How do you write cursors? I bet it's a tedious and error-prone process.  If you say that you NEVER use cursors and NEVER found a good use for them then stop reading, you are apparently a genius and I am not worthy of your time.  For the rest of us that know that cursors are sometimes the ONLY way to do something in tsql, read on.  
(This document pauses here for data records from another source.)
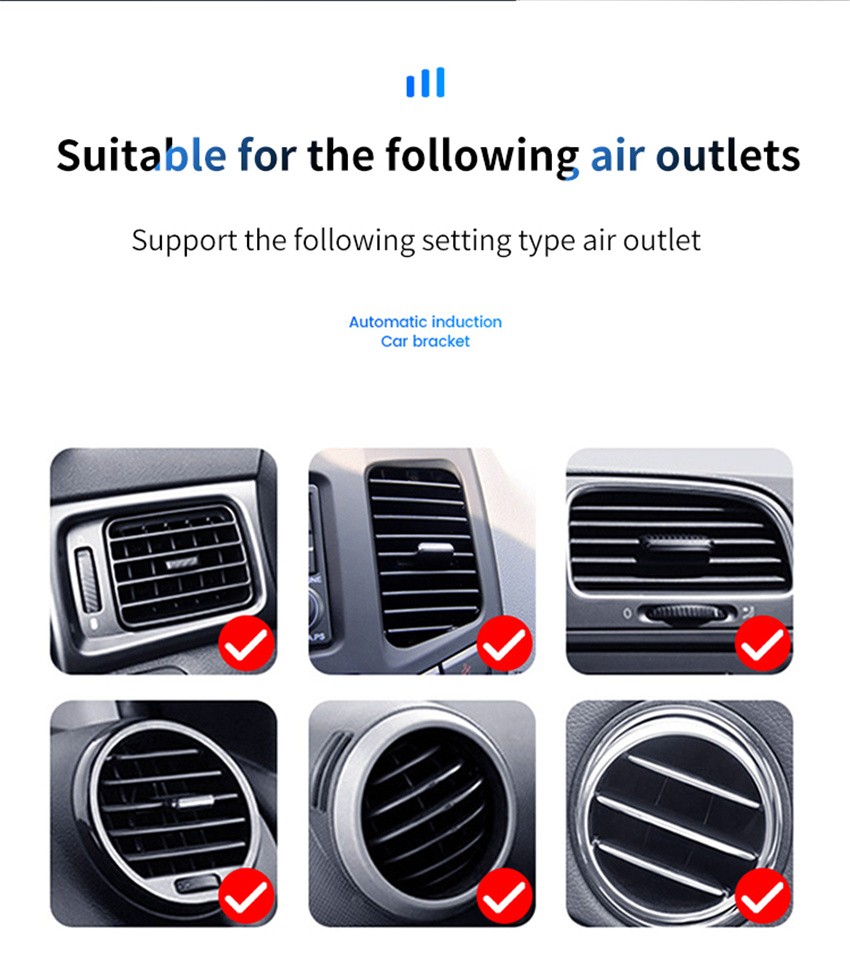 Cargador inalámbrico magnético para coche de 100 W - Soporte para teléfono con ventilación para iPhone 15, 14, 13 y 12 Pro Max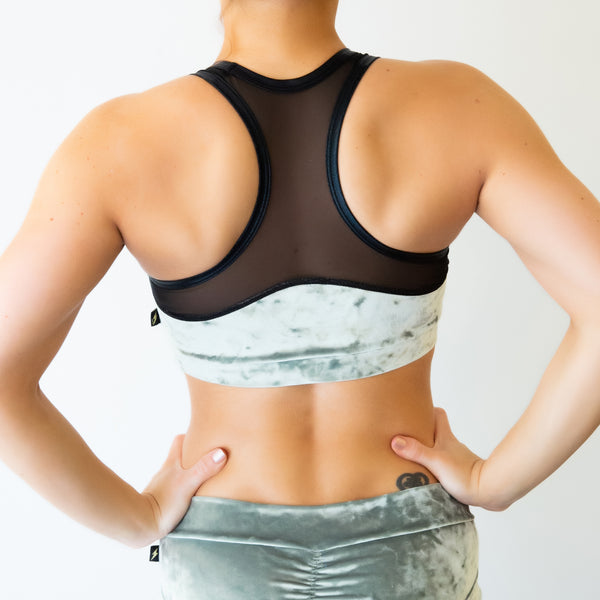 WHS Delish Velvet Heart Breaker Sports Bra- XSMALL ONLY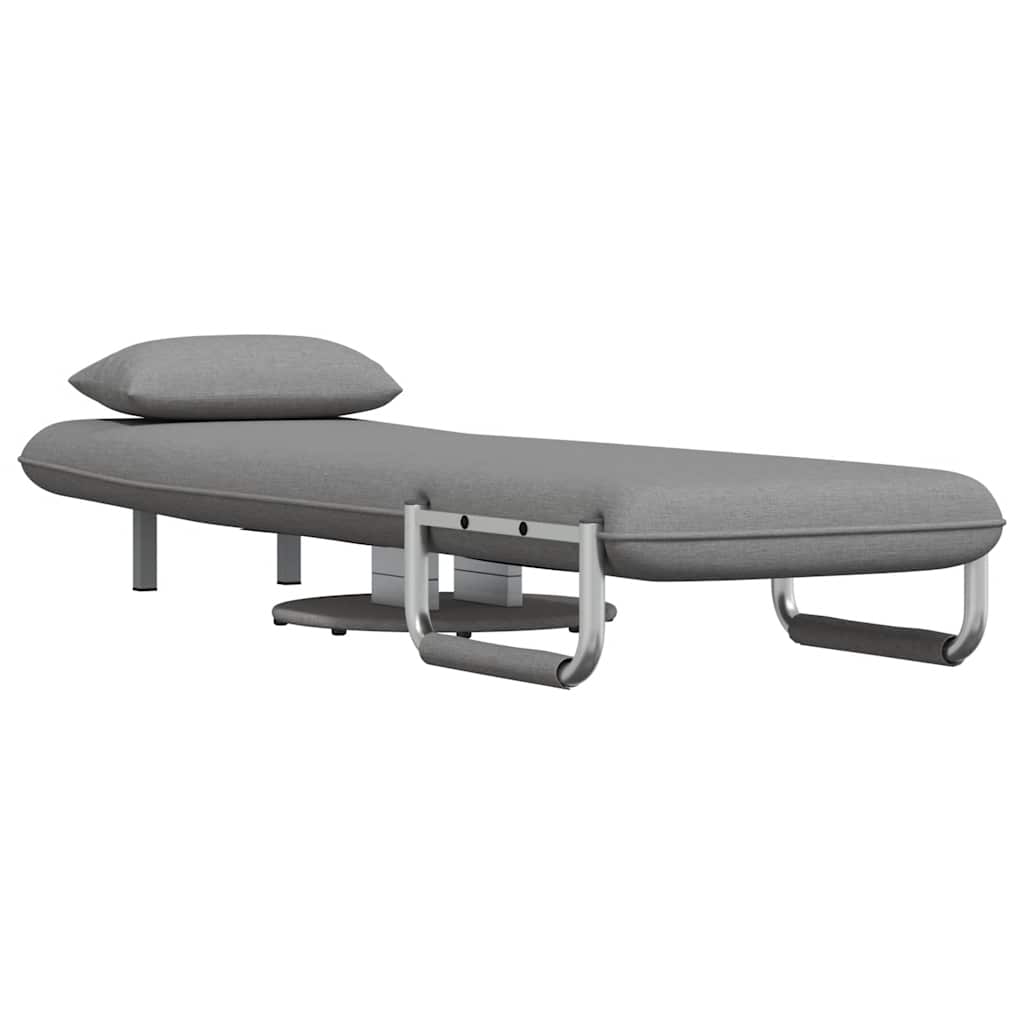 Swivel Chair and Sofa Bed Light Grey Fabric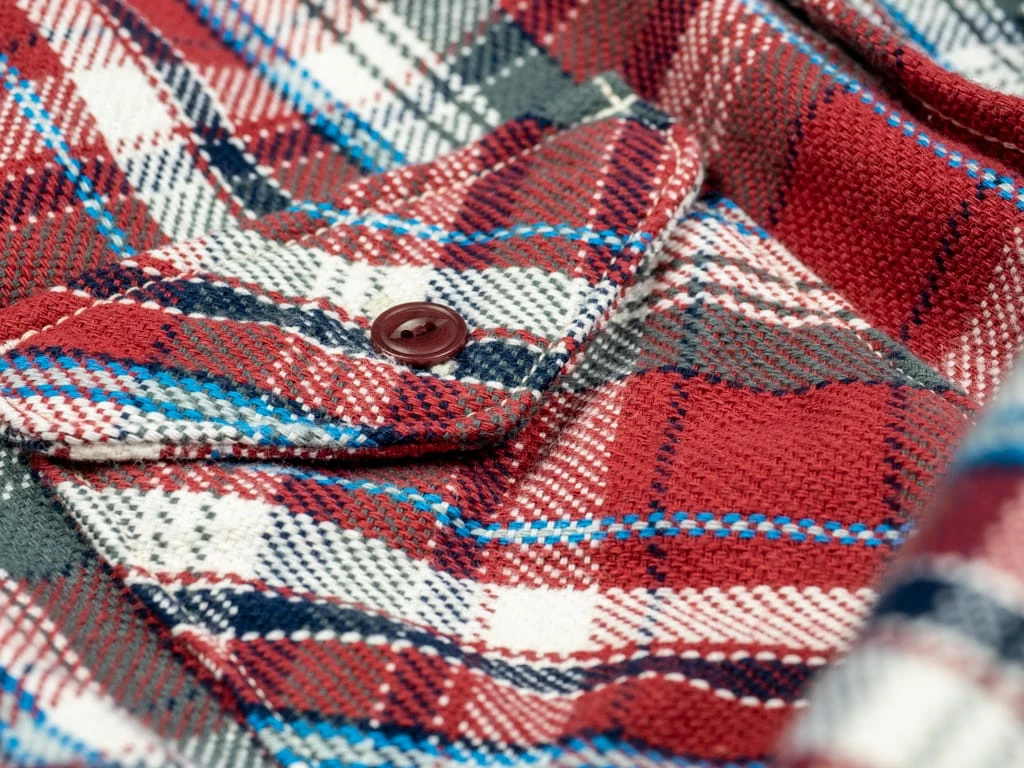 UES Heavy Flannel Shirt Red Small Check 29 UES Heavy Flannel Shirt Red Small Check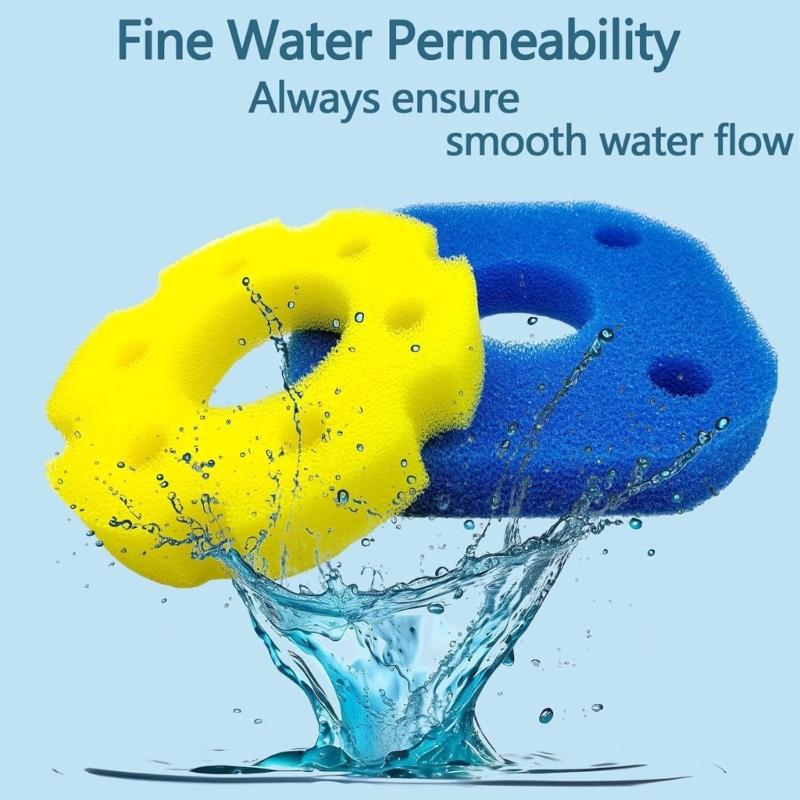 Многоцелевой сменный губчатый фильтрующий материал для фильтра CPF-250 CPF-180, фильтрующий материал для напорного прудового фильтра, прост в использовании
Here is a screenshot of a very hacky cursor.  It merely prints out a list of database objects and their type.  This is probably the simplest cursor you could create in SQL Server.  You'll notice a bit of verbosity.  For instance, the FETCH NEXT statement in repeated in the code.  No big deal, but we 

shouldn't have repeated code.  I'll bet you that at some point in your career you wrote a cursor and, in haste, forgot that second FETCH NEXT statement and put your code into an infinite loop.  

Ugh.  

You'll also notice on Line 1 that I was too lazy to see what the actual datatypes were for the cols in question so I just set them to varchar(2000) and varchar(200), which should be big enough.  Right?  I'll bet you've done the same thing in haste at some point in your career too.  

Cursors are just too darn tedious.  They follow a pattern (or you can use one of the templates in SSMS) but even so, it is still tedious, and therefore error-prone.  
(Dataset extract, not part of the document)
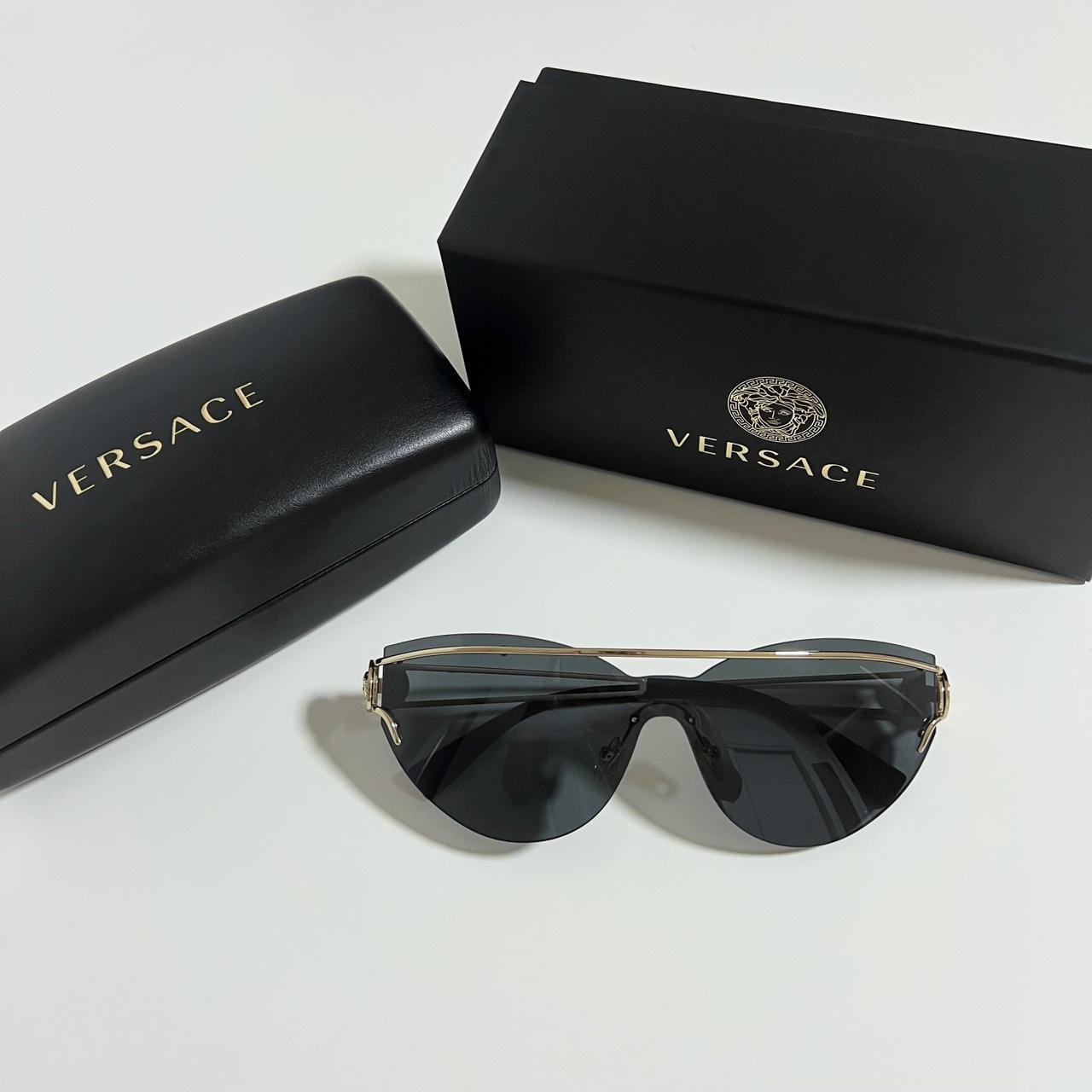 100% authentic black Versace Medusa Sunglasses Brand... - Depop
One way we could eliminate the datatyping tedium, as well as remove the entire declaration of "cursor fetch variables" is if Microsoft gave us a shortcut 

similar to Oracle's %ROWTYPE.  In Oracle if you add %ROWTYPE to a variable the variable will assume the datatype of the underlying referenced object.  It does this by declaring a "record variable" over the input.  A bit of TSQL pseudo-code might help to illustrate this.  

First, you'll notice we no longer have to declare the individual variables for every column referenced in the cursor.  Our example only has 2 columns, but I'm sure you've written cursors with 10 cols being referenced, first in the "declare" section, then at least twice in the FETCH statements.  That's a lot of repeated code to screw up.  

Instead we declare a record type against the cursor on Line 22 and tell the record type that it should inherit the underlying columns and datatypes.  We can now reference the variable using dot notation on Line 26.  Using something like %ROWTYPE saves a lot of typing and it makes things a lot easier to read.  But it's still too wordy.  

What would be REALLY nice is something like this.  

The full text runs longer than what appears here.